**INSTRUCTIONS TO FOLLOW**
Stop after the line that contains "Imagen de los". Until then, retype each line of the entries exactly from the first one, skipping pictures.

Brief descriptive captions
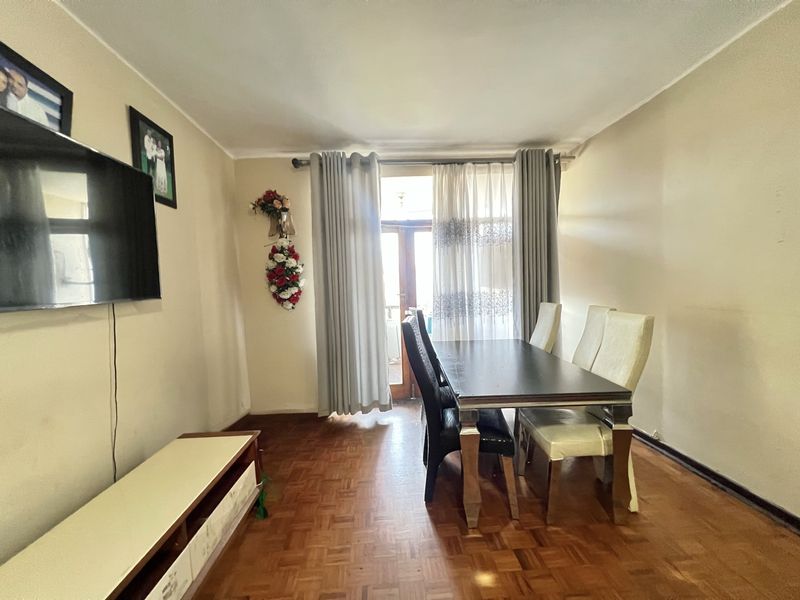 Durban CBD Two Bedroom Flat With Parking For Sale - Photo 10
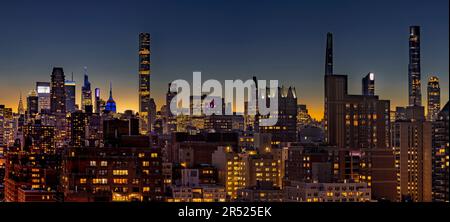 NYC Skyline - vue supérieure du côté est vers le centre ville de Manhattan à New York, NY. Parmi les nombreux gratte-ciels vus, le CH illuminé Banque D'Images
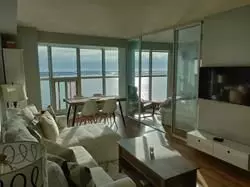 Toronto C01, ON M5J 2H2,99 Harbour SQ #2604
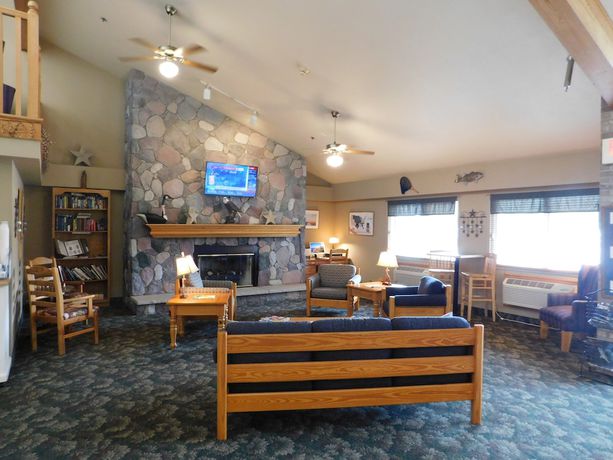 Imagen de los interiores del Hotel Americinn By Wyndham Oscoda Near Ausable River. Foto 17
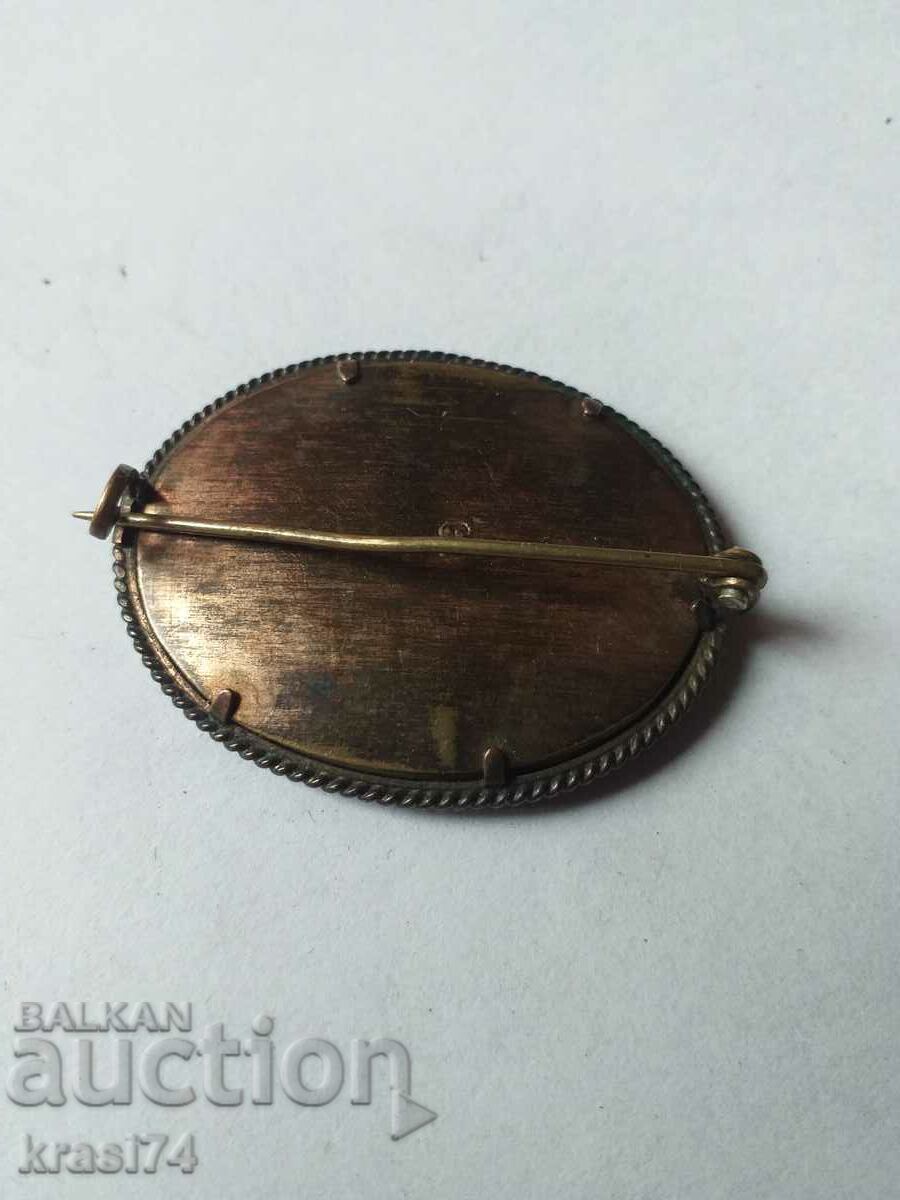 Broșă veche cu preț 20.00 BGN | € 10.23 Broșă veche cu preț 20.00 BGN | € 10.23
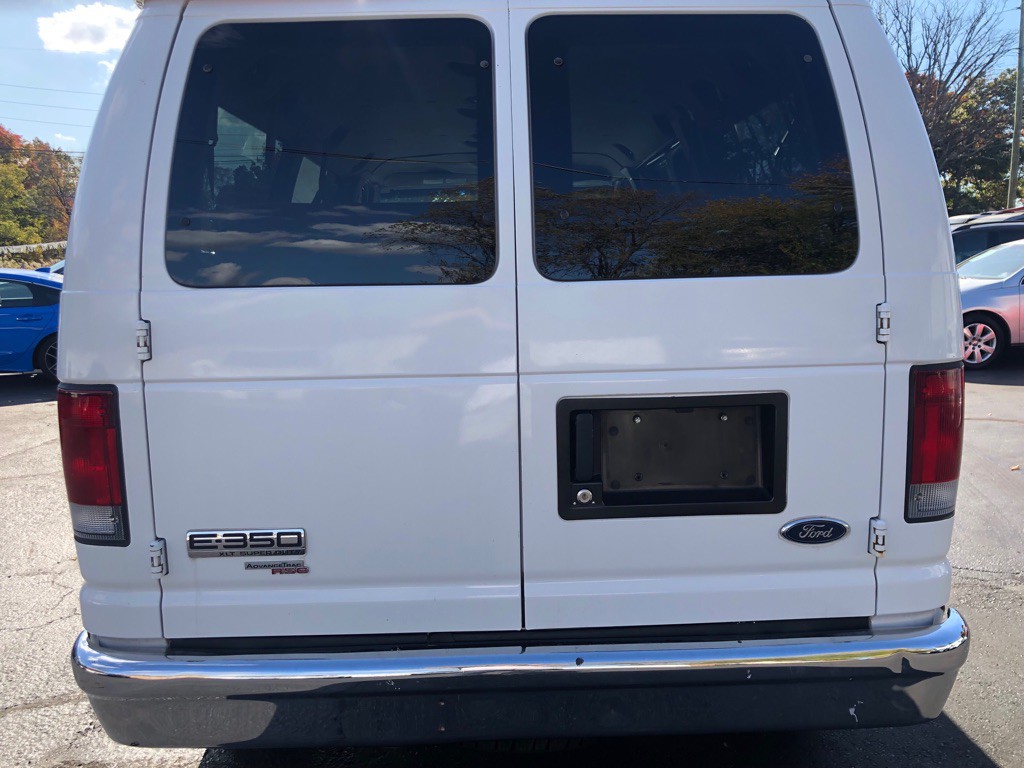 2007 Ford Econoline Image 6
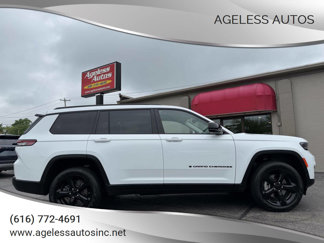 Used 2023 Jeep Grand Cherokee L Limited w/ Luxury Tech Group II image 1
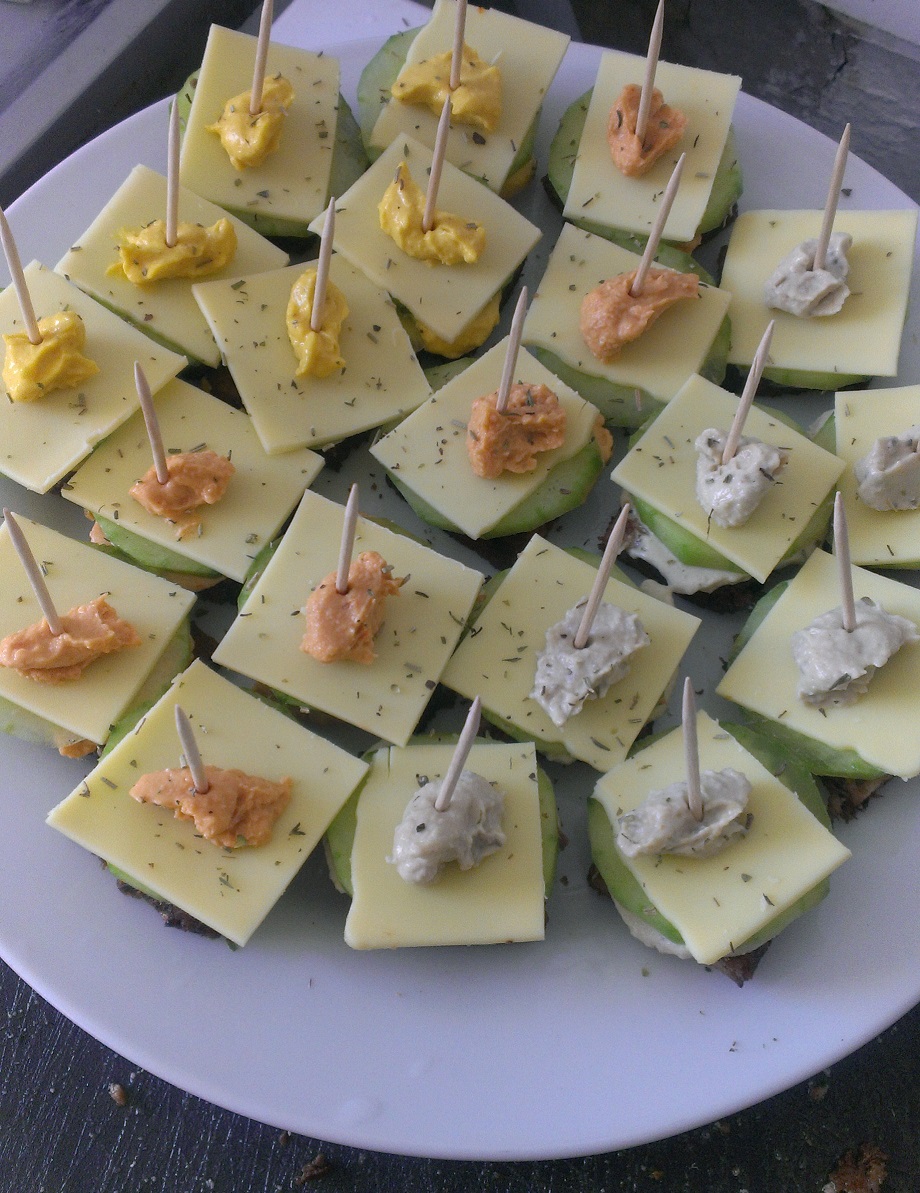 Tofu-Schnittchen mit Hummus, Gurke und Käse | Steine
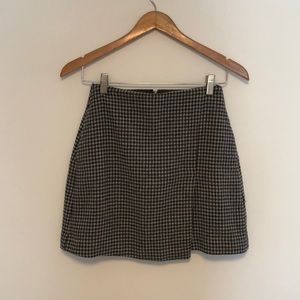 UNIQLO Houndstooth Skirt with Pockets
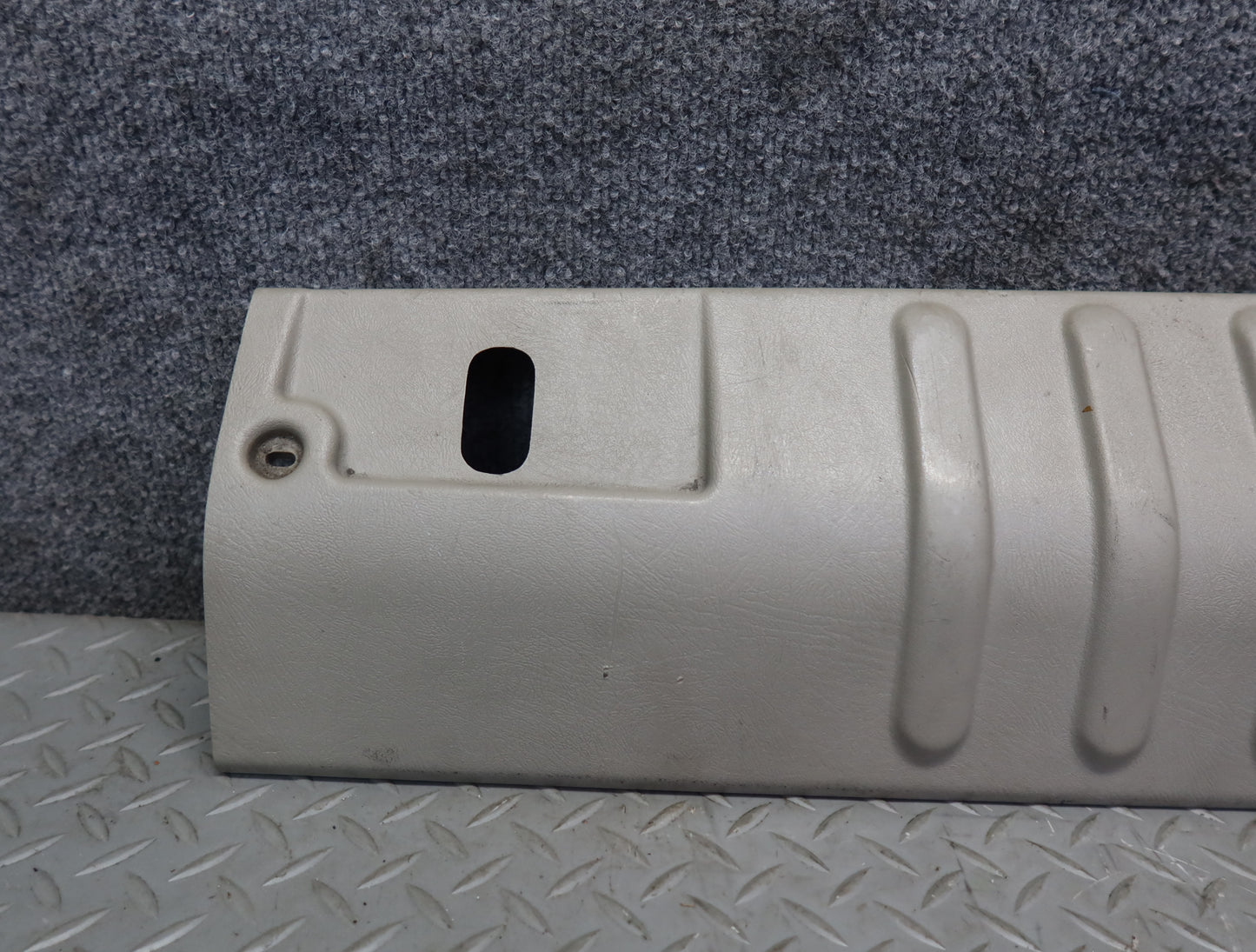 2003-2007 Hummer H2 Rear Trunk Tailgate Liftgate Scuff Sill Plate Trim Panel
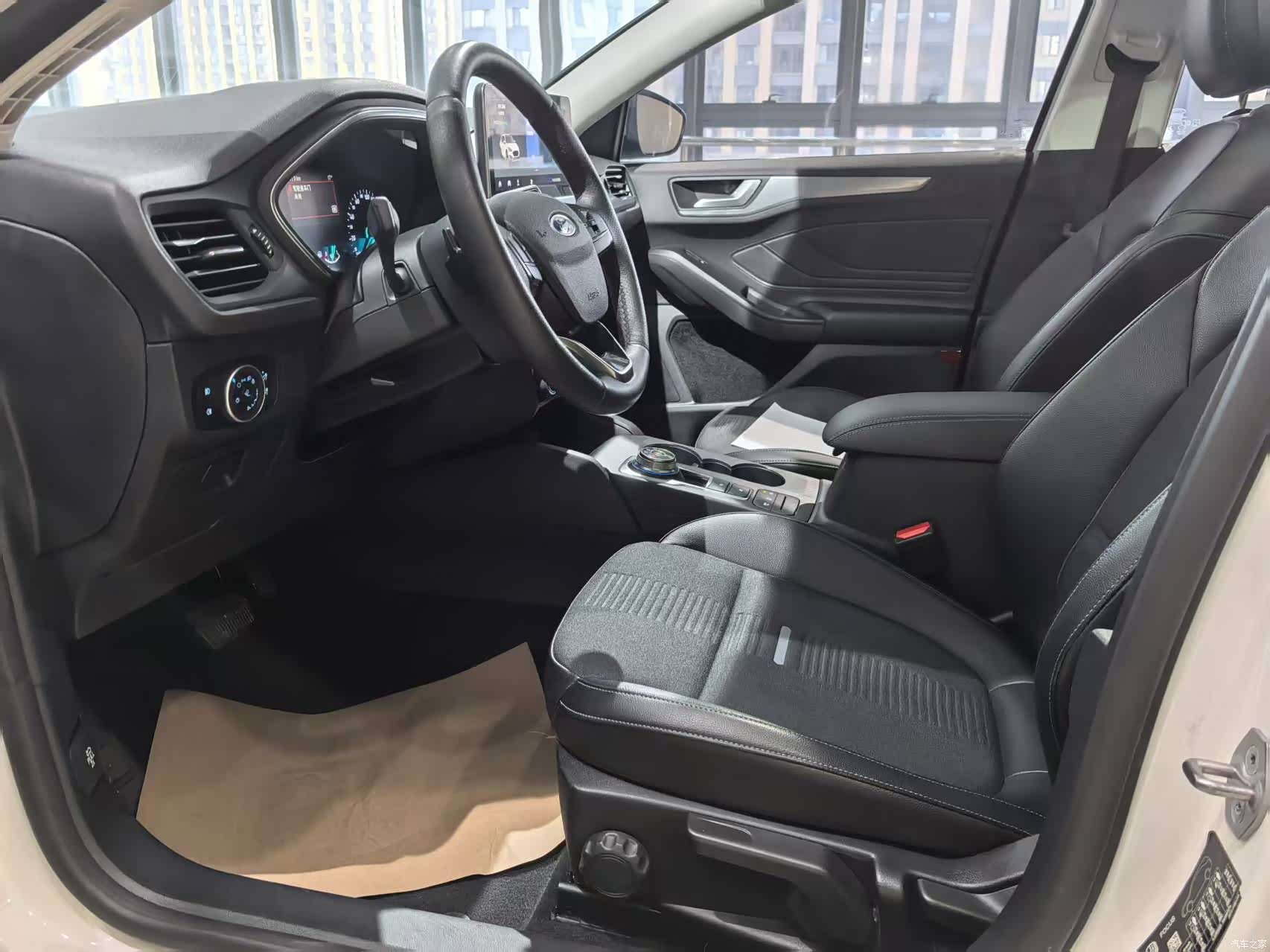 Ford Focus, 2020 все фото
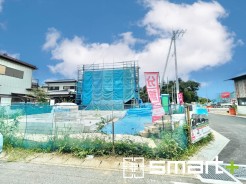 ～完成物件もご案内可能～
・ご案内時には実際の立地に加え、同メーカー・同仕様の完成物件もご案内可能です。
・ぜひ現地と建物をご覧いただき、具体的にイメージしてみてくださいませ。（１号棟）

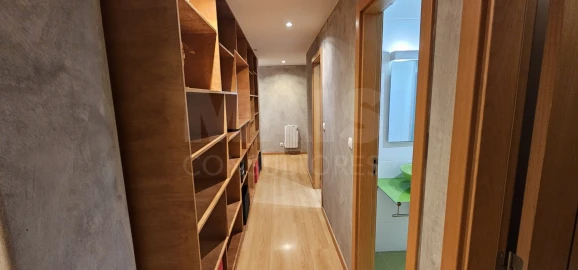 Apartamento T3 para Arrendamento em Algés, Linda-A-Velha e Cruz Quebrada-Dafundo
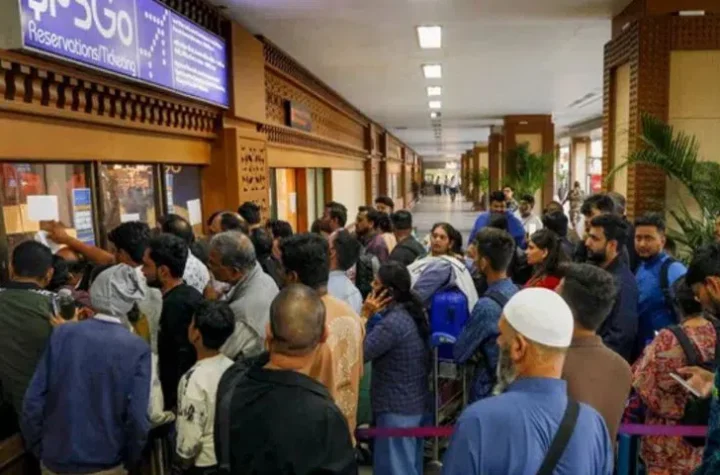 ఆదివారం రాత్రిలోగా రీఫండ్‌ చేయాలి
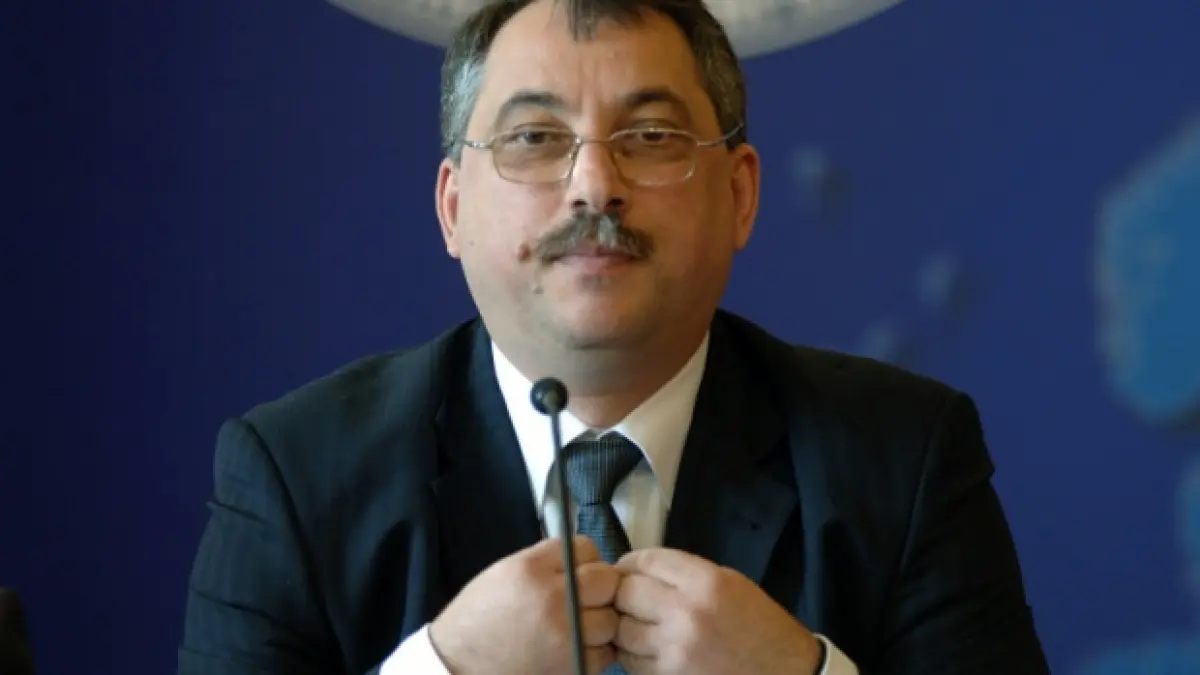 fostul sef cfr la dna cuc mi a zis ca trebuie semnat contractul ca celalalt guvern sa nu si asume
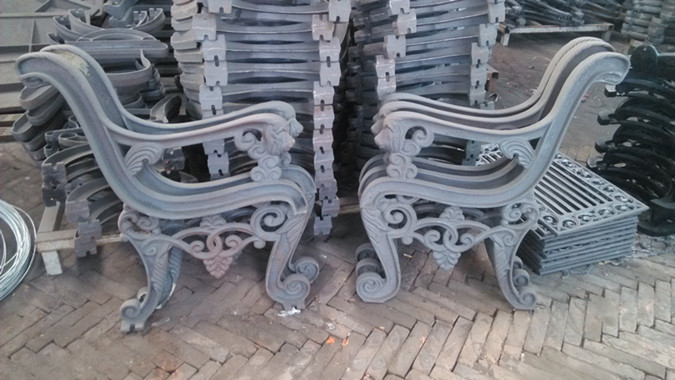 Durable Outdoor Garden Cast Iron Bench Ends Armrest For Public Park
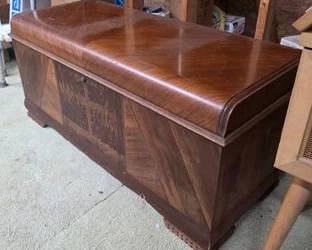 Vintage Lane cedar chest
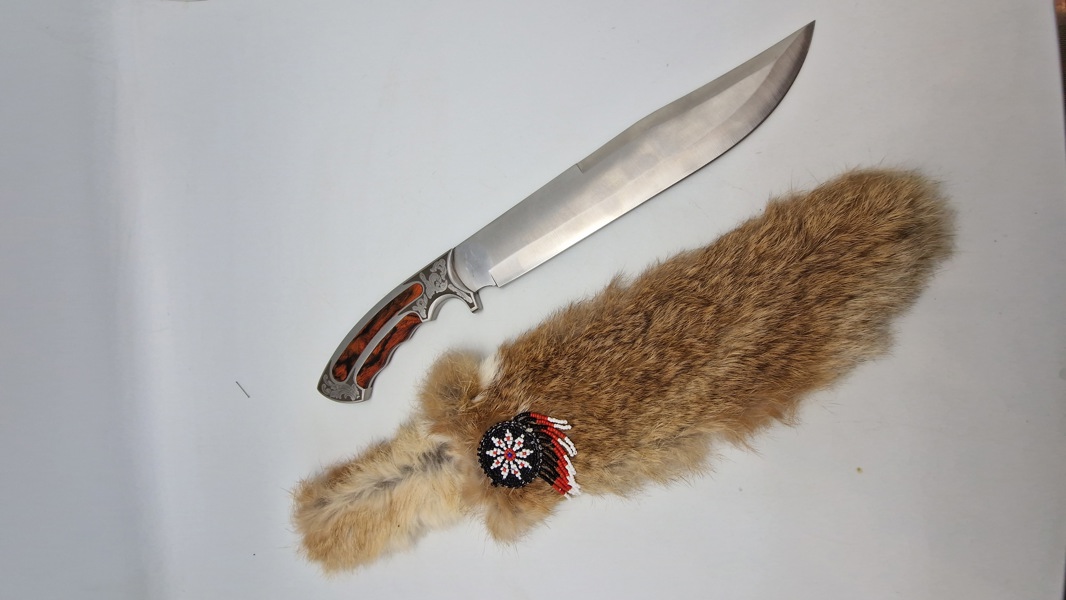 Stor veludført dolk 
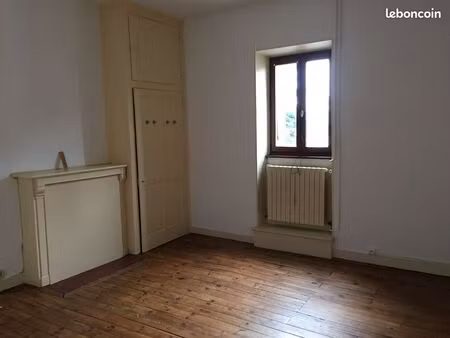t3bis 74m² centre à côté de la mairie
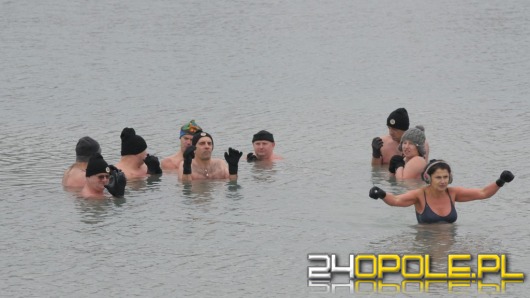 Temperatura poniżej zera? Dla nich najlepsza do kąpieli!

**FINISHED TASK**
 Durban CBD Two Bedroom Flat With Parking For Sale - Photo 10
 NYC Skyline - vue supérieure du côté est vers le centre ville de Manhattan à New York, NY. Parmi les nombreux gratte-ciels vus, le CH illuminé Banque D'Images
 Toronto C01, ON M5J 2H2,99 Harbour SQ #2604
 Imagen de los interiores del Hotel Americinn By Wyndham Oscoda Near Ausable River. Foto 17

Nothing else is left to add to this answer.